El tercer ejemplo. En democracia, se dice, el pueblo manda y el funcionario obedece y trabaja para sus electores. Pero todos sabemos que en los hechos ocurre exactamente al revés: el funcionario electo, apenas investido, se transforma, como por arte de magia, de humilde solicitante de votos en soberbio, prepotente y amenazador tirano, dueño de vidas y haciendas. El fenómeno no obedece sólo a una causa personal, psicológica, sino que se enraíza y nutre en un hecho duro e innegable: el desbalance de poder entre el pueblo elector y sus gobernantes es abismal en una democracia, pues mientras el primero sólo retiene su voto (y ya vimos qué tan real es éste) y, algunas veces, su “derecho al pataleo”, al gobernante le cae en las manos todo el dinero del erario, el mando sobre el ejército de burócratas que lo ayudan a gobernar, toda la fuerza física del Estado, esto es, ejército y policía, y el manejo, directo o indirecto, de agentes del ministerio público, jueces y cárceles, con toda la parafernalia intimidatoria que los acompaña. De ahí las conductas increíbles de gobiernos como los de Hidalgo, Tamaulipas y Sinaloa, que declaran públicamente su respeto “democrático” al derecho de protesta de los antorchistas, mientras se burlan en privado de sus modestas demandas.
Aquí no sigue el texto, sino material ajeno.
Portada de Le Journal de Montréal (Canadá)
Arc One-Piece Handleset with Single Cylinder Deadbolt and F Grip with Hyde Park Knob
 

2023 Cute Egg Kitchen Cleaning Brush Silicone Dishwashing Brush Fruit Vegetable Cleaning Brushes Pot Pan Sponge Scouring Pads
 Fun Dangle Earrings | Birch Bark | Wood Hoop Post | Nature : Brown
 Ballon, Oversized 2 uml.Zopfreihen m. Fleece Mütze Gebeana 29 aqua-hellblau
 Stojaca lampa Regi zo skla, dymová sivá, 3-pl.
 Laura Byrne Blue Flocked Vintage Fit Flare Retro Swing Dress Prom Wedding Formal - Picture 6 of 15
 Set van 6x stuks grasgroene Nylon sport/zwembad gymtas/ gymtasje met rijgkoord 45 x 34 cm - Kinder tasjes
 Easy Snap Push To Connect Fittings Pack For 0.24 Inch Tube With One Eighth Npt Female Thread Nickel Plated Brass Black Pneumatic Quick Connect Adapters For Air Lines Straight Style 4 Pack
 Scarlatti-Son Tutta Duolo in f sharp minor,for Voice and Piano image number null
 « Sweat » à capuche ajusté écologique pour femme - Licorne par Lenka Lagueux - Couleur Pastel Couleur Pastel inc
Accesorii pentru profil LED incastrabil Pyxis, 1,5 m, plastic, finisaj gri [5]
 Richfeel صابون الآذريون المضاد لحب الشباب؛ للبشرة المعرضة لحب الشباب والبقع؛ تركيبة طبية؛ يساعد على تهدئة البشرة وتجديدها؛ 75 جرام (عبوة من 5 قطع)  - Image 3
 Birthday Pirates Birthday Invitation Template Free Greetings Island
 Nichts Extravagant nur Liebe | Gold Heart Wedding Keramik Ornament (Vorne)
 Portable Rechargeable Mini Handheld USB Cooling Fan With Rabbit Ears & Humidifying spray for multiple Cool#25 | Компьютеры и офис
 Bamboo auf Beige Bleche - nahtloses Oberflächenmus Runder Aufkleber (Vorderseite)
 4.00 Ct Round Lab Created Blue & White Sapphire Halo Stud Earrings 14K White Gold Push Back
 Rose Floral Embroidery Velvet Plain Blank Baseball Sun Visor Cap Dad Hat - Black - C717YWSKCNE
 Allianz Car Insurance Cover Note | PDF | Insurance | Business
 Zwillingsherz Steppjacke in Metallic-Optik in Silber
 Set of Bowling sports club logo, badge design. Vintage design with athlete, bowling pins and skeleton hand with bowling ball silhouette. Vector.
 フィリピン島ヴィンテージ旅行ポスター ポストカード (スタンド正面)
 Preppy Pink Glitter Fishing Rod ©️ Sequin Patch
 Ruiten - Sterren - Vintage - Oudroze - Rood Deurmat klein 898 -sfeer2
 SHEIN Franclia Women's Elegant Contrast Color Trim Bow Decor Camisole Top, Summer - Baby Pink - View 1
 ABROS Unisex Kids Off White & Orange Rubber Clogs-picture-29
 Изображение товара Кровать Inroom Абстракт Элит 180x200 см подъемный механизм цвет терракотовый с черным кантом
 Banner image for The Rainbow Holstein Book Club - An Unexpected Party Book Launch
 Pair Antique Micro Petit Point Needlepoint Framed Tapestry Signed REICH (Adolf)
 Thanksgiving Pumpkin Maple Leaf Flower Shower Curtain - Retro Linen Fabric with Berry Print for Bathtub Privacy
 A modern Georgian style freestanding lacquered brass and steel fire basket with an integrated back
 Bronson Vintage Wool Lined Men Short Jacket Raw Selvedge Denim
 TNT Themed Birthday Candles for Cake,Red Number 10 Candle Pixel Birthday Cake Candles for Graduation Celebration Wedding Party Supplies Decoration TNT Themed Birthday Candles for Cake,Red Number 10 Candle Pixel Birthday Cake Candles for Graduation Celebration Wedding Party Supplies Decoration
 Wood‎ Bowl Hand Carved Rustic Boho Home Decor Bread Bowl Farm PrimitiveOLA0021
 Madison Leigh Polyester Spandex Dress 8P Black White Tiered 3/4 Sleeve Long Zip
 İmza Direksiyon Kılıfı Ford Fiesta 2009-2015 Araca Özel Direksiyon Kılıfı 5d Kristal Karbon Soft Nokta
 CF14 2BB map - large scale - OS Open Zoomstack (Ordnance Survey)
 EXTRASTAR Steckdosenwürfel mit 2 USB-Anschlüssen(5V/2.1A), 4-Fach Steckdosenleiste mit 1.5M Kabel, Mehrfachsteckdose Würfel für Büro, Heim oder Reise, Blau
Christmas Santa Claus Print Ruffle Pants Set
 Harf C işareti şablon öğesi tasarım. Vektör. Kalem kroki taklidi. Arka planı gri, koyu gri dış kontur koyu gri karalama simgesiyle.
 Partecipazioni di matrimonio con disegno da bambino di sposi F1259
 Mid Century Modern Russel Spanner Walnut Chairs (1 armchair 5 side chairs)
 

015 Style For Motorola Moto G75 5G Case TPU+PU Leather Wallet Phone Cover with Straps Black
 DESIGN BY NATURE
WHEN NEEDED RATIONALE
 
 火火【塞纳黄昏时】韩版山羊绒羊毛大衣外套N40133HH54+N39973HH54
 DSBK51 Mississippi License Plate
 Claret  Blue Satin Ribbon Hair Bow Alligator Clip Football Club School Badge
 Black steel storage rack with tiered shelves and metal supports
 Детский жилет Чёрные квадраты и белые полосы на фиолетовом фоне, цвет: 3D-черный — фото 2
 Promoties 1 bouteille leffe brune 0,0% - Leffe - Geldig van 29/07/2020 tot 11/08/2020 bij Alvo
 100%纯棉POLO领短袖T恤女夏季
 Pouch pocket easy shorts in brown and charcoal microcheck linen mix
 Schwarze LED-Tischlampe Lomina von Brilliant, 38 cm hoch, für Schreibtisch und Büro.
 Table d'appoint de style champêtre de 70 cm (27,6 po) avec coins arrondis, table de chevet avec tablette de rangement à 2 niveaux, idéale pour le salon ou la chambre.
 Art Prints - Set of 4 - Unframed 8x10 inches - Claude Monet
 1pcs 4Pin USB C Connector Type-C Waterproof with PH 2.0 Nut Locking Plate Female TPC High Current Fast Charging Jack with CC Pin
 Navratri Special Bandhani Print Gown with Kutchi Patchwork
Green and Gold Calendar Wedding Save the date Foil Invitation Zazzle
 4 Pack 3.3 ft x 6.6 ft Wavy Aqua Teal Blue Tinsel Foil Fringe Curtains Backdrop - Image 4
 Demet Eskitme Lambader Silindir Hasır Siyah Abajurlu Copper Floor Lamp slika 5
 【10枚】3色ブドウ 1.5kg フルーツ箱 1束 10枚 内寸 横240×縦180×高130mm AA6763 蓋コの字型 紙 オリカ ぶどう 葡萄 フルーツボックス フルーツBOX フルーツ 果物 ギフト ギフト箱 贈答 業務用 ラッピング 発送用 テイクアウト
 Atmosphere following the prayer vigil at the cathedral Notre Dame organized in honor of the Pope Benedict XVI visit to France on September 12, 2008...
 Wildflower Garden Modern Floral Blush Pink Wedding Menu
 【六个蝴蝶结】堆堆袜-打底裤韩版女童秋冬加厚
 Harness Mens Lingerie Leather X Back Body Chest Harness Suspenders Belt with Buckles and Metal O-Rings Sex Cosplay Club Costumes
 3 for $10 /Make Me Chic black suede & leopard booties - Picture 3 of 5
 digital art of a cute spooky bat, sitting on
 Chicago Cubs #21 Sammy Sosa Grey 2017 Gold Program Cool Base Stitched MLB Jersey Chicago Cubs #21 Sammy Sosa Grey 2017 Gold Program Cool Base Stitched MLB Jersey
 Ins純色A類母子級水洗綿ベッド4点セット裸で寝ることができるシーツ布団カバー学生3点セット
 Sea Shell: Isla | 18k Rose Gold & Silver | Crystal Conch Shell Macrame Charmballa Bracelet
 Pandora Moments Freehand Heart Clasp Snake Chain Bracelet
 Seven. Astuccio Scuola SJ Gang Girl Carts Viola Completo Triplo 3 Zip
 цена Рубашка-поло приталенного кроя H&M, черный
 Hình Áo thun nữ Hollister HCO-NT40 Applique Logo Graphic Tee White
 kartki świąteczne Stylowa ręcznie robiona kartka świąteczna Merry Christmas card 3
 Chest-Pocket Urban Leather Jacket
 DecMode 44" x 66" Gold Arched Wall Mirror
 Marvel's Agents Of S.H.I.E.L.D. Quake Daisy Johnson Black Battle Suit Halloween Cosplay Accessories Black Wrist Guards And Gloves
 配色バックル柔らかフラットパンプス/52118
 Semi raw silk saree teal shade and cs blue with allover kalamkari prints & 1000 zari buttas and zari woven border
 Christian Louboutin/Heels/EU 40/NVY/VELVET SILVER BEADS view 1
En fin, y como resumen de todo esto, podemos concluir que la enfermedad de nuestra democracia, que la nulifica y amenaza con convertirla en una lamentable farsa, radica en una única falacia de fondo, a la que pueden reducirse todas las demás: la fictio juris (ficción jurídica) de que el ciudadano común es un experto en política, es decir, que conoce bien los problemas nacionales, los propósitos de cada partido y las cualidades y defectos de los candidatos que se someten a su consideración, y que, por sobre todo ello, es absolutamente libre y soberano (ideológica y económicamente) como para poder tomar una decisión consciente y racional a la hora de emitir su voto. ¡Nada más lejos de la verdad! Por eso mismo, entre otras razones, ¡urge politizar a nuestro pueblo!